I have been involved with my family genealogy for many years, and am fortunate I live in the area where my fathers family comes from, in the foot hills of the Blue Ridge Mountains.

Over the years several lists I am on have had posts from people looking for the grave of Grandpa Dickey and his four wives. Dickey and his first wife were my ancestors. He had died in 1859, and only one amazing detail about his life has come down to us. Having out lived all of his sequential wives, he arranged their graves so that he would have a place to be buried in the middle, with a wife on each side, one at his head and one at his feet. I had been to the grave yard before, in 1977. Situated waaaaaaaaaaaaaaay down in the woods, out on a ridge about 2 miles off the Blue Ridge Parkway. The old feller who carried me and my mother out there in his pickup packed a pistol to shoot snakes he told us. The monument erected on his grave in 1939 had fallen into disrepair.

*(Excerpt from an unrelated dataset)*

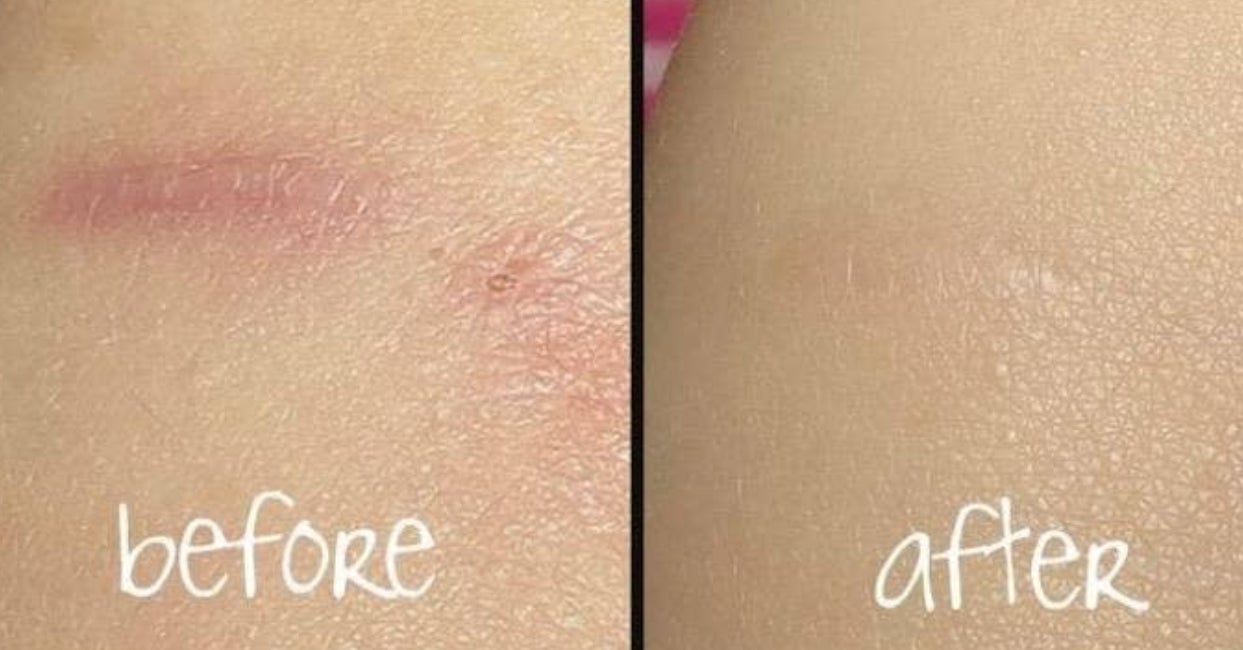 23 Skincare Products That People Say Are Worth The Money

The property is no longer in the family. Rumors abounded that access had been blocked and others from out west had been baffeled as to how to even find it. Dickey and three of his wives had 17 children, and we know of 108 grandchildren- you do the math.

So in January, after seeing Brokeback Mountain for the very first time and wanting desperatly to get outside and do something meaningful in my life I posted to the lists that I would lead a pilgrimage to the cemetery on the 29th of April, a date I picked out for no reason except it was a Saturday. I received enthusiastic responces from several cousins. I had to find the place again myself. A month ago me and my partner went up the mountain and met with the son in law of the man who had originally carried me in his pick up. He carried us right to it. The monument had been repaired by the Boy Scouts in 1986.

This week it rained, and I was so fearful we would be rained out. People were coming from New Mexico, West Virginia, South Carolina and Maryland. I sent out an email telling them to dress warm. I received a letter in the mail from a couple in their 80's who were not on line but who had heard about the pilgrimage and wanted to know where to meet.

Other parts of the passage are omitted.